Exercise: Your task is to repeat the entries exactly. Leave the pictures out.

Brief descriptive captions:

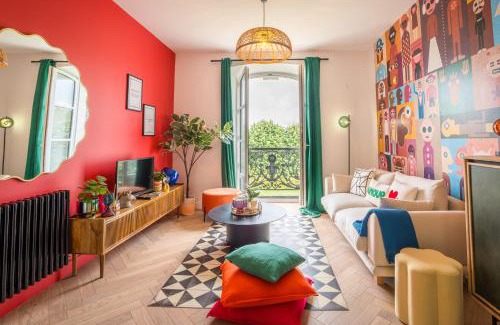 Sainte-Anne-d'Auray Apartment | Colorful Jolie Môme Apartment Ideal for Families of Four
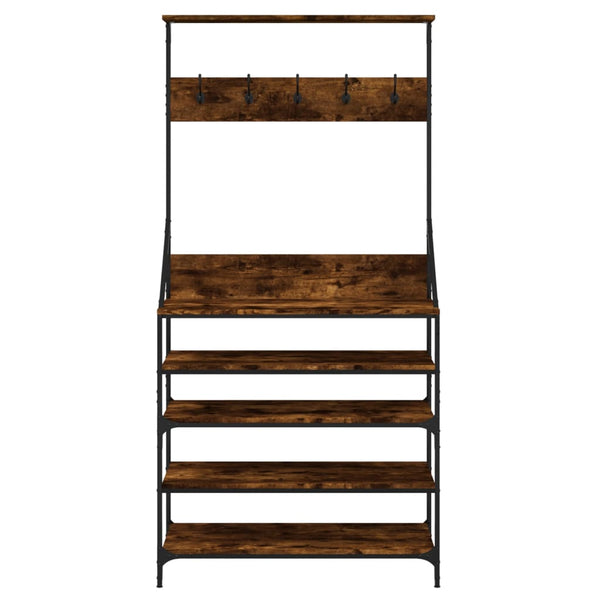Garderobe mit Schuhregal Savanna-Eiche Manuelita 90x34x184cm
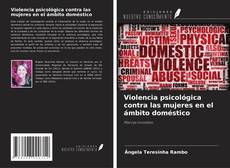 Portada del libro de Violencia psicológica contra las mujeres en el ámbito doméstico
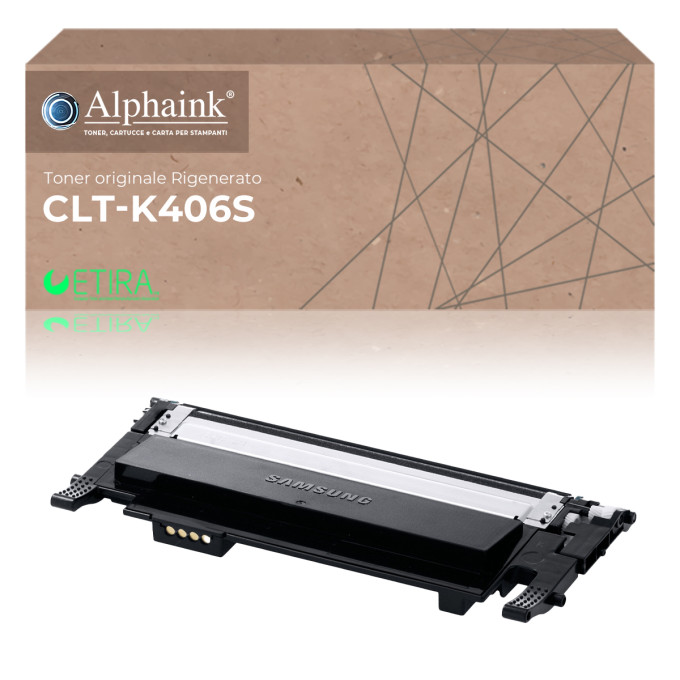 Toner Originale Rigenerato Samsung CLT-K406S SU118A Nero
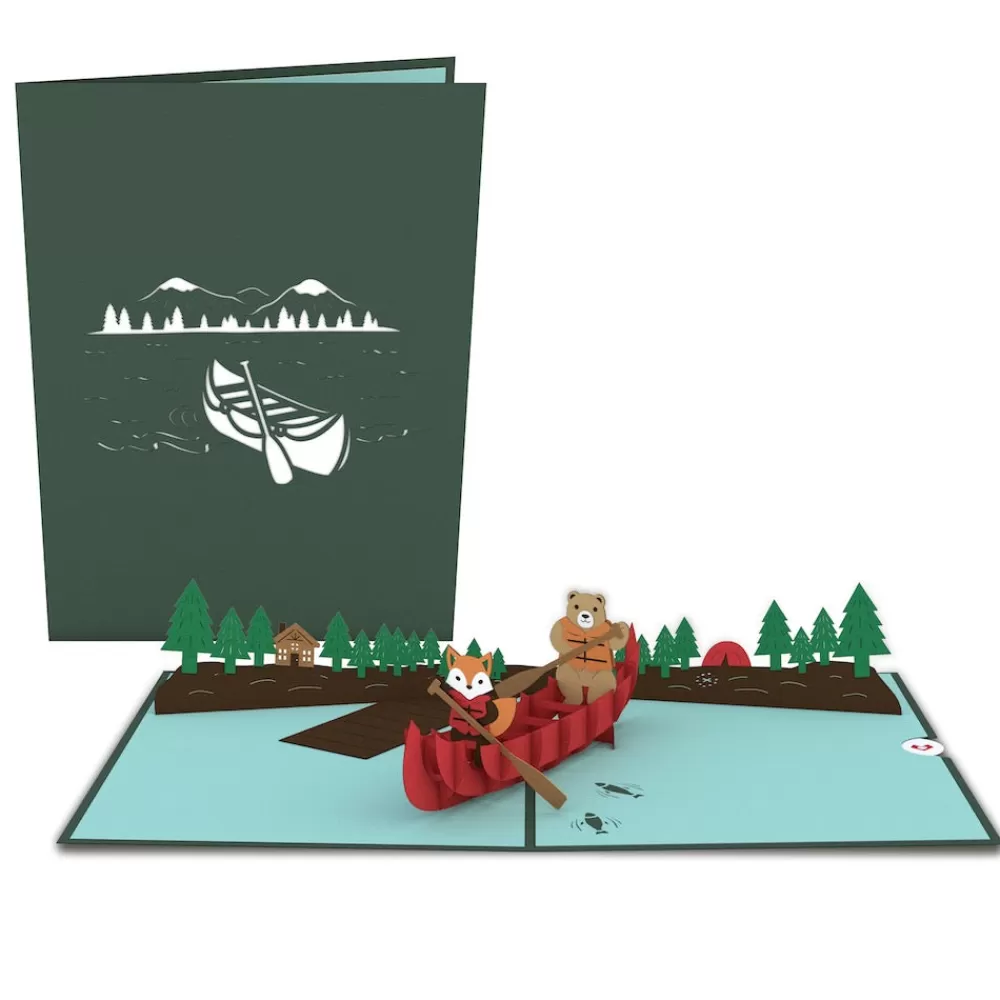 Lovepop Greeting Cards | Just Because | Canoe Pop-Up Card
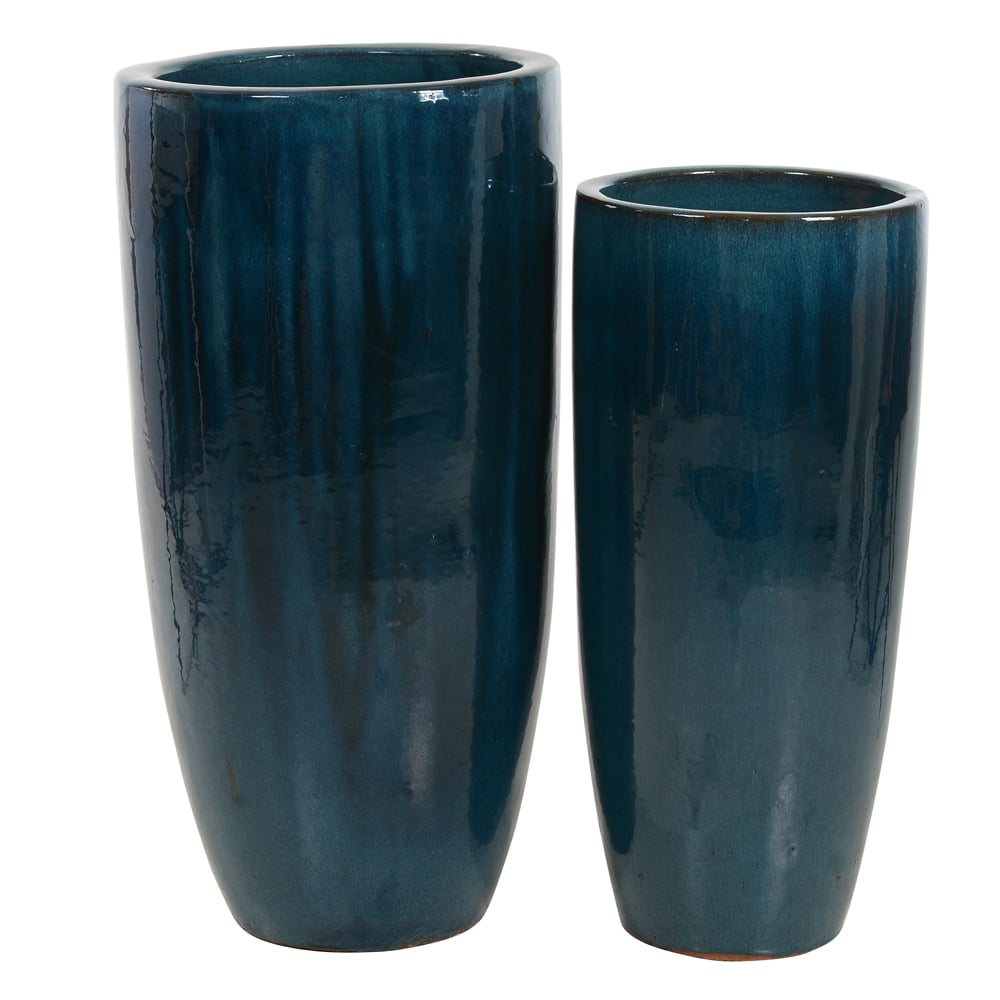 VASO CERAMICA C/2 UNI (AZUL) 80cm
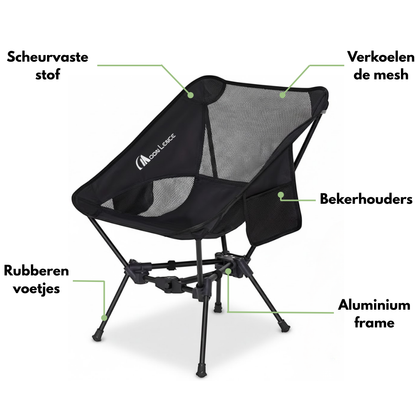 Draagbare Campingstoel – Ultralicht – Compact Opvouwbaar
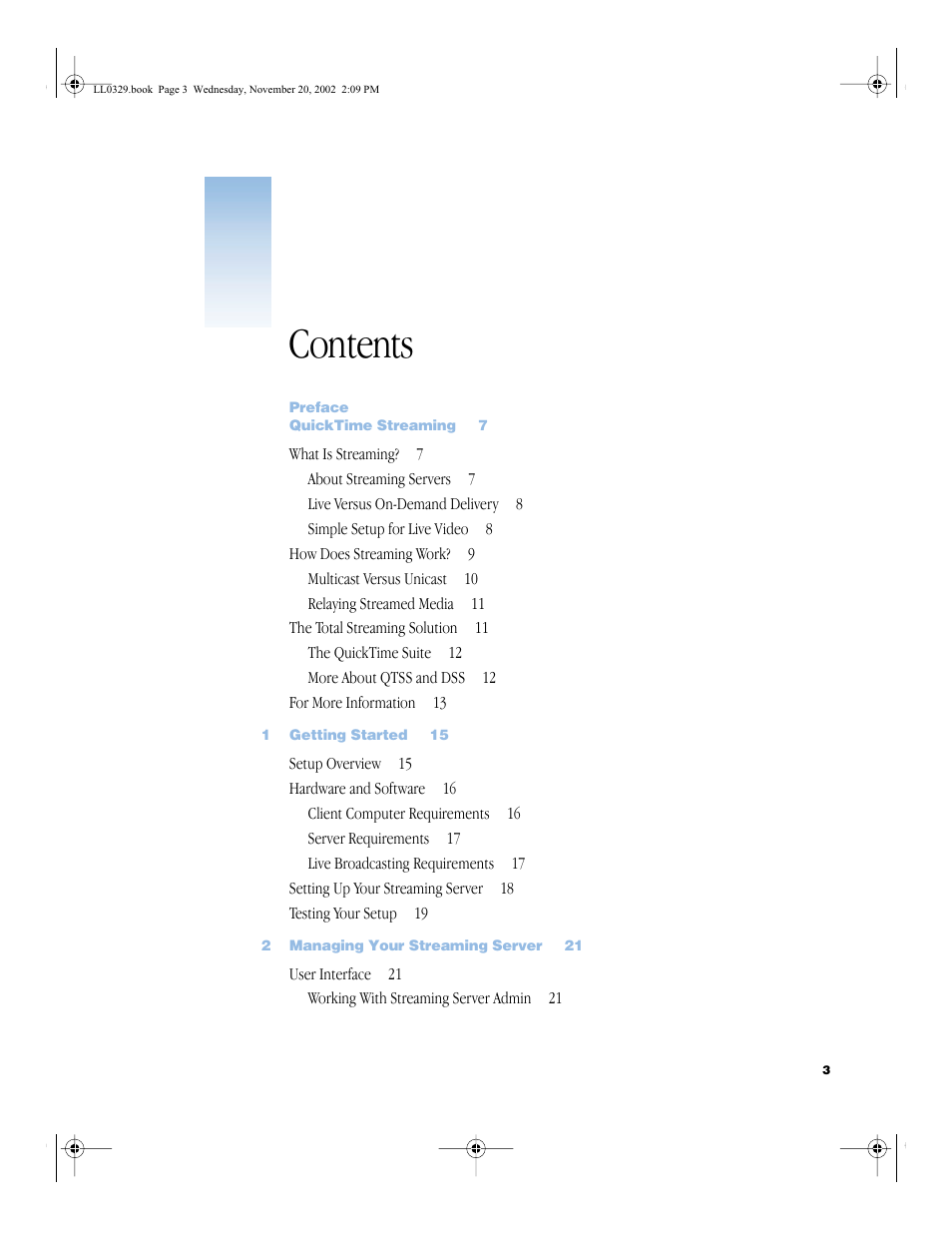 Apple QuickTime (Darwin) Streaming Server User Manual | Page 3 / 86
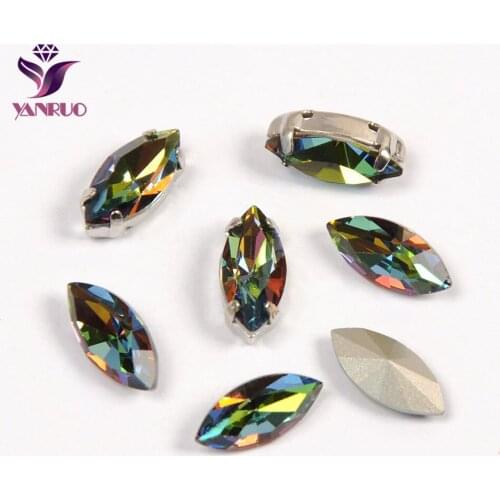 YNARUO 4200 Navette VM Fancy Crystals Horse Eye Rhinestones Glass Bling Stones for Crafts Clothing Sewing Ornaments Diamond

Response area:
 Sainte-Anne-d'Auray Apartment | Colorful Jolie Môme Apartment Ideal for Families of Four
Garderobe mit Schuhregal Savanna-Eiche Manuelita 90x34x184cm
 Portada del libro de Violencia psicológica contra las mujeres en el ámbito doméstico
 Toner Originale Rigenerato Samsung CLT-K406S SU118A Nero
 Lovepop Greeting Cards | Just Because | Canoe Pop-Up Card
 VASO CERAMICA C/2 UNI (AZUL) 80cm
 Draagbare Campingstoel – Ultralicht – Compact Opvouwbaar
 Apple QuickTime (Darwin) Streaming Server User Manual | Page 3 / 86
 YNARUO 4200 Navette VM Fancy Crystals Horse Eye Rhinestones Glass Bling Stones for Crafts Clothing Sewing Ornaments Diamond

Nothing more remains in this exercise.